**What to produce:** Somewhere below are a line with "Crochet Open Knit Short Sleeve Shirts" and a later line with "We'll be hearing". Output exactly those lines and all lines between them.

**Caption-style text data:**

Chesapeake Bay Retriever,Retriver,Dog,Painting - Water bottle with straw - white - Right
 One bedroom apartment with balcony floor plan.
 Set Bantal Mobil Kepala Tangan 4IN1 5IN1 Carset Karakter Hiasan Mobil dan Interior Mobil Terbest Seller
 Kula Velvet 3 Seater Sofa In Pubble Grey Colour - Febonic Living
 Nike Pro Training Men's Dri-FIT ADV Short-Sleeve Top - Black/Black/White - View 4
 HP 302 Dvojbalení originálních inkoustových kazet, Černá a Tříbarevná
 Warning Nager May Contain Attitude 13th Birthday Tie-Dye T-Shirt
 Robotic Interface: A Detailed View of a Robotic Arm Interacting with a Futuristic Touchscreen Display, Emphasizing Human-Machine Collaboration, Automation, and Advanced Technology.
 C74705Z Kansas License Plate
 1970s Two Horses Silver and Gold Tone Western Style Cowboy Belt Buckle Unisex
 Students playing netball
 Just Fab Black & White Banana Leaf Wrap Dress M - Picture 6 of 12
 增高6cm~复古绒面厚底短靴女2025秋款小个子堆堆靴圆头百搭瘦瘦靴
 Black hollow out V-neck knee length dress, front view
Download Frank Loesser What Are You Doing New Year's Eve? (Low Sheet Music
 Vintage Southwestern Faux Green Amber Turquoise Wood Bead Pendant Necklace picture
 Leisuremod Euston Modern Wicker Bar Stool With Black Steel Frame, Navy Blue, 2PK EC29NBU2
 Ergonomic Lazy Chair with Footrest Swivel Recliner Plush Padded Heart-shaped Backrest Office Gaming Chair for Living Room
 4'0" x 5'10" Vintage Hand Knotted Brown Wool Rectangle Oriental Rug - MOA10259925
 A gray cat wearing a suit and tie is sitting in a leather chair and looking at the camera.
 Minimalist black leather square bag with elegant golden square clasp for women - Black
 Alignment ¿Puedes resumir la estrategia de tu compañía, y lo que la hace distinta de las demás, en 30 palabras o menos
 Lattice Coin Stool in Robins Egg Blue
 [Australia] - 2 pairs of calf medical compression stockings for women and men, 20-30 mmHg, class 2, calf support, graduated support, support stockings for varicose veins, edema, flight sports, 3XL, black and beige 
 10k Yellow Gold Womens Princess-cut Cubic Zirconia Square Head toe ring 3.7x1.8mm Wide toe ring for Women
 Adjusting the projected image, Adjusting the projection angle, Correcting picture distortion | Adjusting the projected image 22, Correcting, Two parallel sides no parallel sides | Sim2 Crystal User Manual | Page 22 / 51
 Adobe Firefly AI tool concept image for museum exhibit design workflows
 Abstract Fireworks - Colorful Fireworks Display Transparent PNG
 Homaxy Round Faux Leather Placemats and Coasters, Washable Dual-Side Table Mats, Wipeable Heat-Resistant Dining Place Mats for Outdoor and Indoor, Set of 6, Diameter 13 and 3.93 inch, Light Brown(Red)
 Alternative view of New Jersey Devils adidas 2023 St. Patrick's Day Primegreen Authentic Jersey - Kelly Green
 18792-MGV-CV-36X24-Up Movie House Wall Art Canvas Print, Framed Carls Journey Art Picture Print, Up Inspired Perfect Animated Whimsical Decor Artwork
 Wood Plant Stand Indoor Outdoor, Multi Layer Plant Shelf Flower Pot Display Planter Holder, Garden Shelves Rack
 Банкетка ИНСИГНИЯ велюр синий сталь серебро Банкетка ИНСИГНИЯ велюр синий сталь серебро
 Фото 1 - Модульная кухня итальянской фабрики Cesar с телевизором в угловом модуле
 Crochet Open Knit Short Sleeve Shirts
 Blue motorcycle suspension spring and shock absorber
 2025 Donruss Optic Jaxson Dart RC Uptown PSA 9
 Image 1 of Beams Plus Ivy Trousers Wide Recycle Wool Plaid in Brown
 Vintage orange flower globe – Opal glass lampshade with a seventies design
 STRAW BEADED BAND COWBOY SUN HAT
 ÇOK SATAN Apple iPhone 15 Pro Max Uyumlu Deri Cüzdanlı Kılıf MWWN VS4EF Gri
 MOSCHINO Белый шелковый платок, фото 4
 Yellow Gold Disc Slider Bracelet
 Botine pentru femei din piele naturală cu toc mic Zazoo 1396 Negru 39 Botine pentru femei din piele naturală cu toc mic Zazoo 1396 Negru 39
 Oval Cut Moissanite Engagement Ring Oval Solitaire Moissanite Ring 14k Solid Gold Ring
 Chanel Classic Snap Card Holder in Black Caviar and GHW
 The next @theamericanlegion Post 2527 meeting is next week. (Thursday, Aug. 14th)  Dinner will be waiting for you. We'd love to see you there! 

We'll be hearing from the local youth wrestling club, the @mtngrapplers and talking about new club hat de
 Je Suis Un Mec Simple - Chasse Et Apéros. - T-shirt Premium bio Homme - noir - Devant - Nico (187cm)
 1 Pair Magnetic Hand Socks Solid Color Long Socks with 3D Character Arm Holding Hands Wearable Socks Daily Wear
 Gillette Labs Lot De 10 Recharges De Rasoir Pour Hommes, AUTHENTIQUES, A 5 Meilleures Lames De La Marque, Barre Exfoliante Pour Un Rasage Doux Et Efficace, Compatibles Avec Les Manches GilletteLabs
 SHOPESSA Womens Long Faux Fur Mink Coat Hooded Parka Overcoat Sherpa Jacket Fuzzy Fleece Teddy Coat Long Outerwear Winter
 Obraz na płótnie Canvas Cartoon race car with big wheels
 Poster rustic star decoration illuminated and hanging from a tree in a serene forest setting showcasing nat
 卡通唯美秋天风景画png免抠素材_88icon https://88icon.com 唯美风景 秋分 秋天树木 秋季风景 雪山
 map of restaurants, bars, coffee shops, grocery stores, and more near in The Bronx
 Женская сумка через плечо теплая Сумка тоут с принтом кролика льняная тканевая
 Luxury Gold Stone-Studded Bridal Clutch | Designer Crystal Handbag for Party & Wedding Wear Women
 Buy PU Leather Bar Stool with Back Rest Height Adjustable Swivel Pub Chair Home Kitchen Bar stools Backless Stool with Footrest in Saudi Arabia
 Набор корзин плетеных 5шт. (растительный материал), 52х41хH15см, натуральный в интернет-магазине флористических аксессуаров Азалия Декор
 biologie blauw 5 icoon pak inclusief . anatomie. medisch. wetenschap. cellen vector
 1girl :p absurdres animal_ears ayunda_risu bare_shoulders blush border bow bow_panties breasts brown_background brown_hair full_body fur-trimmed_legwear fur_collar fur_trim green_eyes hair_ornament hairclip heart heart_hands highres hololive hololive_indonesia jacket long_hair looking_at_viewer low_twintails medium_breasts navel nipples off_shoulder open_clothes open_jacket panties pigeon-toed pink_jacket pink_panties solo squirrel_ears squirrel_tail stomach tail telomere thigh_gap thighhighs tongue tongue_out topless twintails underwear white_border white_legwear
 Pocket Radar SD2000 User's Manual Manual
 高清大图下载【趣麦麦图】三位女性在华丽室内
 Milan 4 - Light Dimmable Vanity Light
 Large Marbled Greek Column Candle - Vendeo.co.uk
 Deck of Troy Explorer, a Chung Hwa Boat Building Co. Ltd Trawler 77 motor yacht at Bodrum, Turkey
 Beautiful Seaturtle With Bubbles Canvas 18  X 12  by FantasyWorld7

**Response:**
 Crochet Open Knit Short Sleeve Shirts
 Blue motorcycle suspension spring and shock absorber
 2025 Donruss Optic Jaxson Dart RC Uptown PSA 9
 Image 1 of Beams Plus Ivy Trousers Wide Recycle Wool Plaid in Brown
 Vintage orange flower globe – Opal glass lampshade with a seventies design
 STRAW BEADED BAND COWBOY SUN HAT
 ÇOK SATAN Apple iPhone 15 Pro Max Uyumlu Deri Cüzdanlı Kılıf MWWN VS4EF Gri
 MOSCHINO Белый шелковый платок, фото 4
 Yellow Gold Disc Slider Bracelet
 Botine pentru femei din piele naturală cu toc mic Zazoo 1396 Negru 39 Botine pentru femei din piele naturală cu toc mic Zazoo 1396 Negru 39
 Oval Cut Moissanite Engagement Ring Oval Solitaire Moissanite Ring 14k Solid Gold Ring
 Chanel Classic Snap Card Holder in Black Caviar and GHW
 The next @theamericanlegion Post 2527 meeting is next week. (Thursday, Aug. 14th)  Dinner will be waiting for you. We'd love to see you there! 

We'll be hearing from the local youth wrestling club, the @mtngrapplers and talking about new club hat de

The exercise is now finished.